Estos y otros escollos para la negociación suponen retos de altísimo nivel para las partes, sin contar con que los ataques violentos continúan sucediéndose en uno y otro sentido, pues el gobierno colombiano rechaza el alto el fuego y opta por el diálogo dentro de la confrontación. La estrategia es llegar fuerte a la mesa. Aún así, la negociación con el ELN significa una gran oportunidad para profundizar en los mecanismos democráticos de participación en Colombia, y ello, por sí mismo, supone un importante avance político y le aportaría a los diálogos de paz una dignidad constructiva que no ha alentado ningún otro proceso de negociación anterior.

 

La paz es un camino que se abre entre las versiones del conflicto

Las especificidades propias del ELN son solo una muestra de la complejidad del conflicto social y armado en Colombia y ponen de manifiesto que la de las FARC-EP es solo una de las versiones de la revolución (del conflicto y su posconflicto). El futuro de la mesa con el ELN –que se reunirá próximamente en Ecuador– está directamente ligado al desarrollo e implementación de los acuerdos alcanzados en la mesa de La Habana, pues su cumplimiento es la base de la construcción de la confianza. Con independencia de que más adelante se puedan abordar conjuntamente cuestiones como la justicia transicional o la reparación a las víctimas, la existencia de dos mesas de negociación independientes, cada una con sus propios ritmos y tiempos, está en mejor posición de asegurar que el proceso de paz sea uno solo.

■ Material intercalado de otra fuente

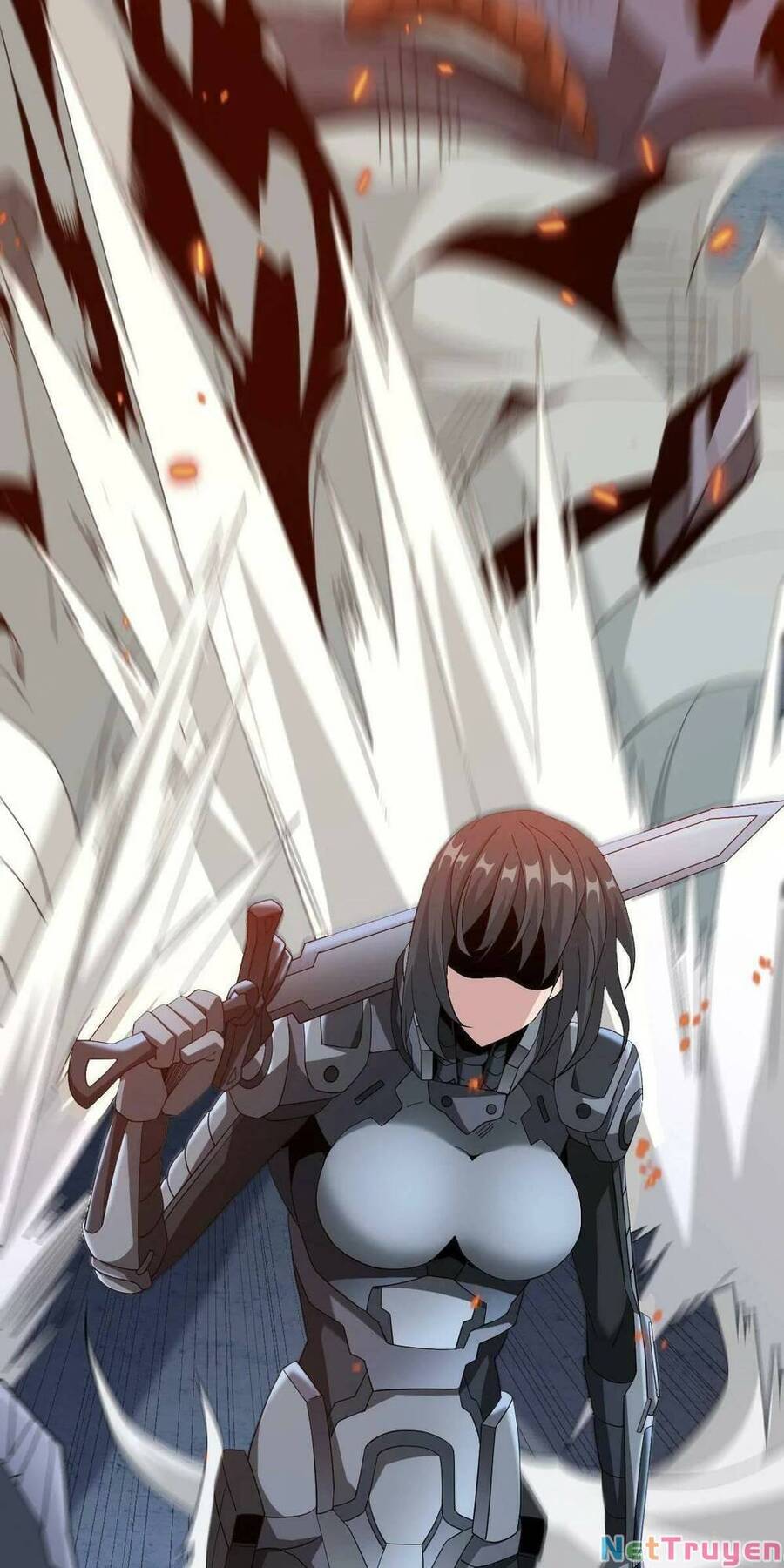 Ta Mắc Kẹt Ở Ngày Này Đã 3000 Năm Chap 38 - Next Chap 39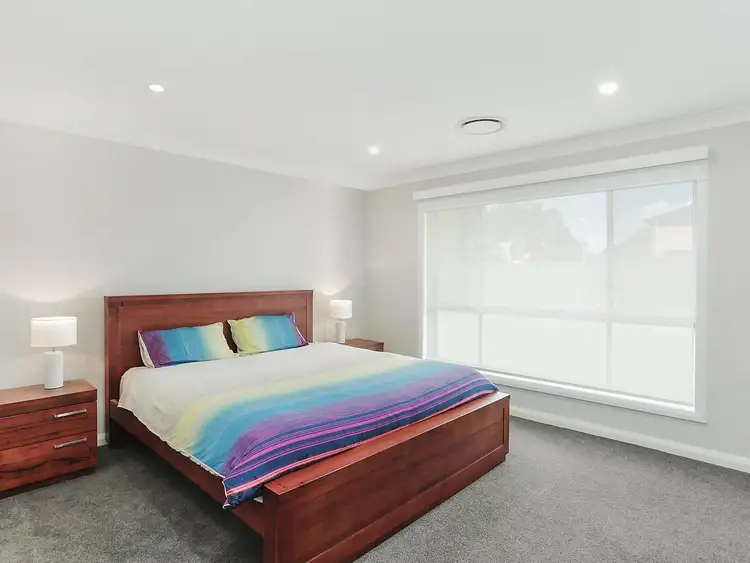 Fifth view of Homely house listing, 87 Alkira Circuit, Horsley NSW 2530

Finalmente, está la otra cara de la divergencia entre las versiones del conflicto: la polarización creciente entre la sociedad colombiana, el gran número de personas que consideran que al enemigo se le debe vencer y que los diálogo de paz son una claudicación ante los delincuentes. Entre tantas versiones, los retos que aún debe superar la solución política del conflicto propiciada por el gobierno de Santos son muchos, pero el entusiasmo de tantos colombianos que quieren alcanzar una paz que nunca han conocido y el apoyo de la comunidad internacional aparecen como un buen aval para seguir adelante con las dos mesas que ahora componen este gran proceso.